* [TASK DIRECTIONS] Please return the listing below exactly, without any of its pictures.

* [GIVEN MATERIAL]
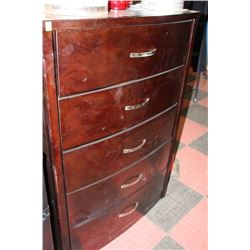 5 DRAWER WOOD CHEST OF DRAWERS (STAIN ON TOP)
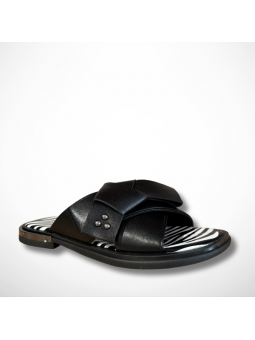 Czarne klapki skórzane na...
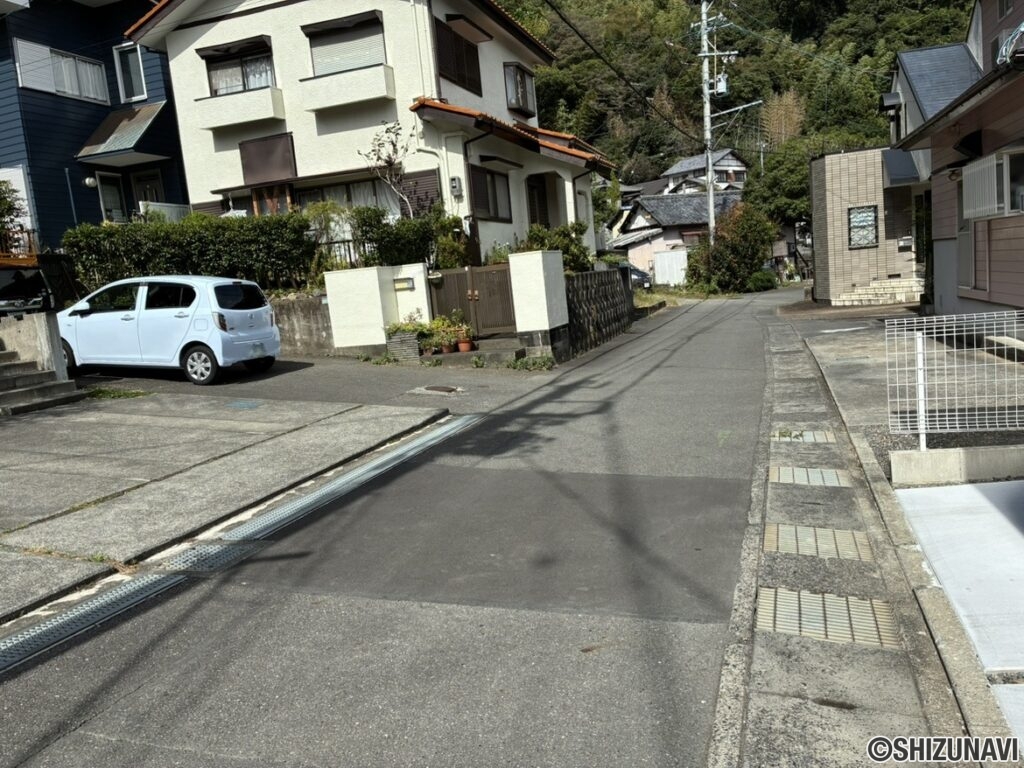 前面道路（南側から撮影）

* [EXERCISE OUTPUT]
 5 DRAWER WOOD CHEST OF DRAWERS (STAIN ON TOP)
 Czarne klapki skórzane na...
 前面道路（南側から撮影）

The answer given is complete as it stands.